═════ Data excerpt

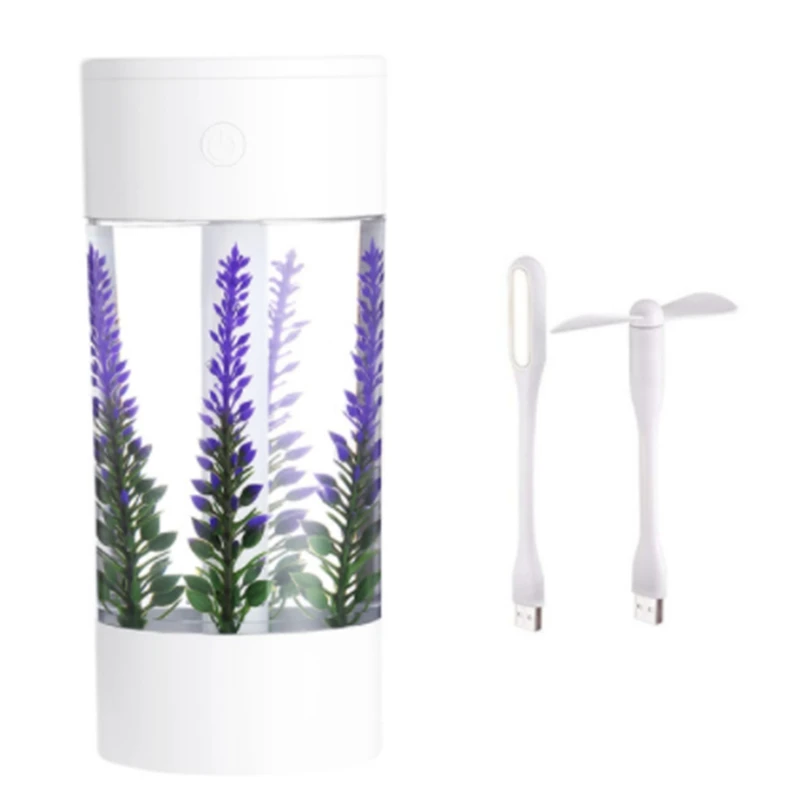 

Hot 360Ml Air Humidifier Lavender Landscape Usb Mini Car Humidifier Portable Aromatic Oil Diffuser 7 Color Change Lamp USB Humid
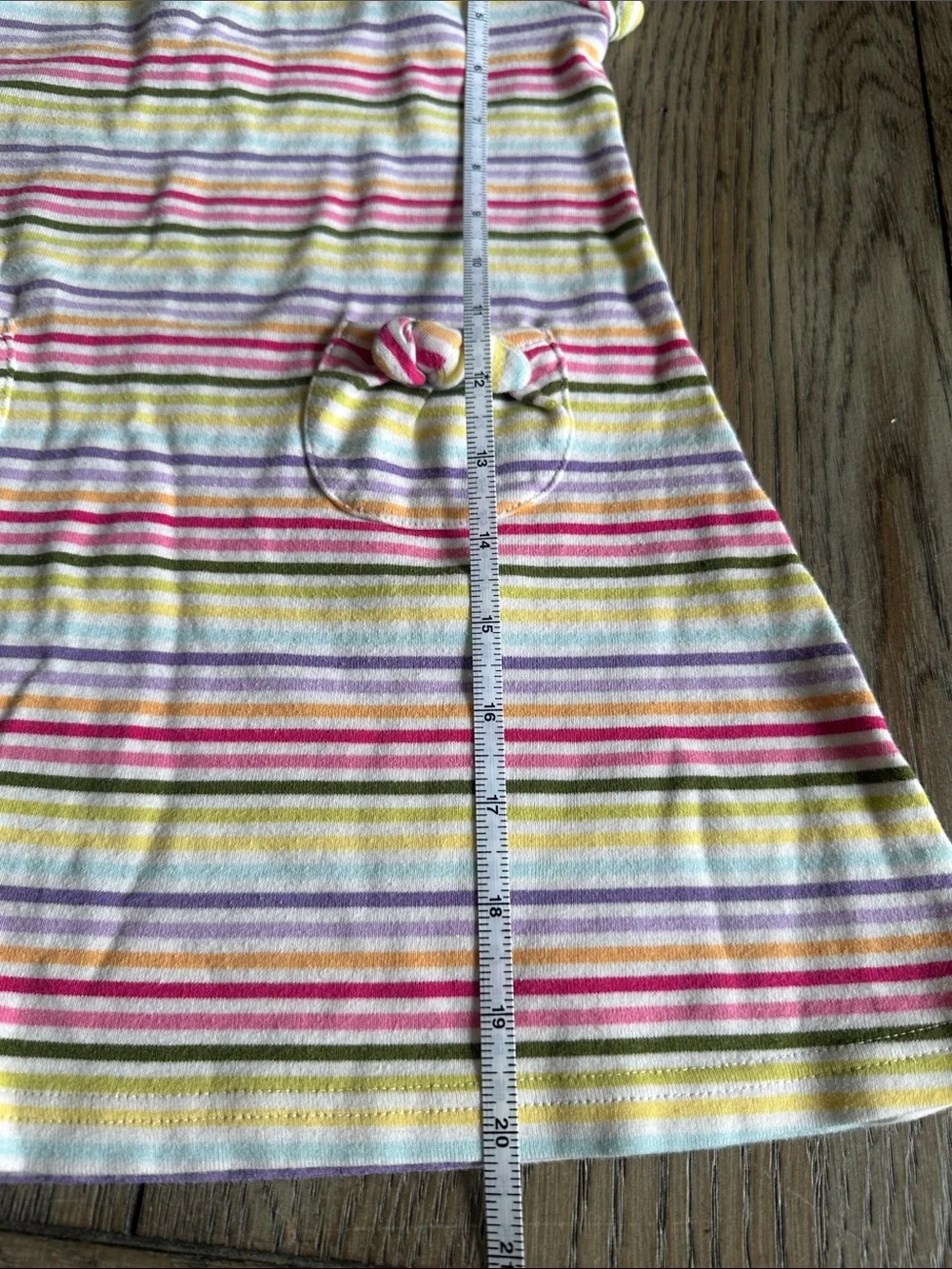 Gymboree Girls Pastel Rainbow Striped Pocket Dress Size 5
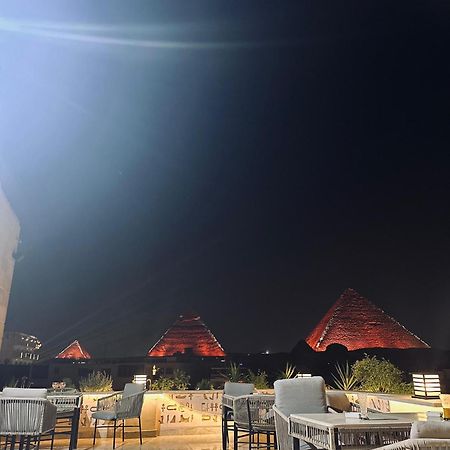 Queen Ash Pyramid View Inn Kafret el-Gabal Exterior foto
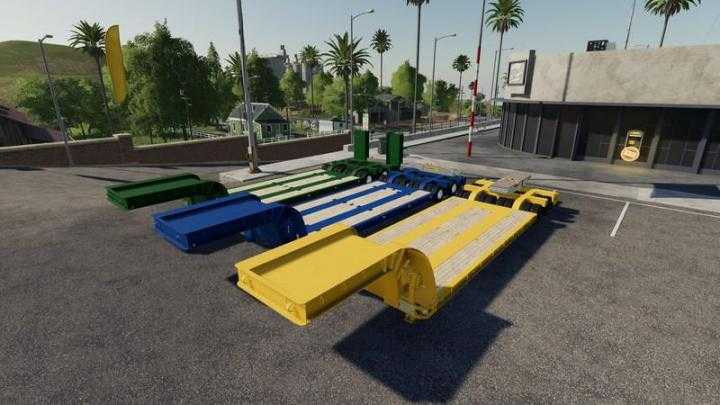 FS19 – 16Wheels Lowdeck Trailer V1.2.2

══════════

▶ [What you are asked to do] Give the data above again in full and unchanged, skipping the pictures.

▶ [Response below]
Hot 360Ml Air Humidifier Lavender Landscape Usb Mini Car Humidifier Portable Aromatic Oil Diffuser 7 Color Change Lamp USB Humid
 Gymboree Girls Pastel Rainbow Striped Pocket Dress Size 5
 Queen Ash Pyramid View Inn Kafret el-Gabal Exterior foto
 FS19 – 16Wheels Lowdeck Trailer V1.2.2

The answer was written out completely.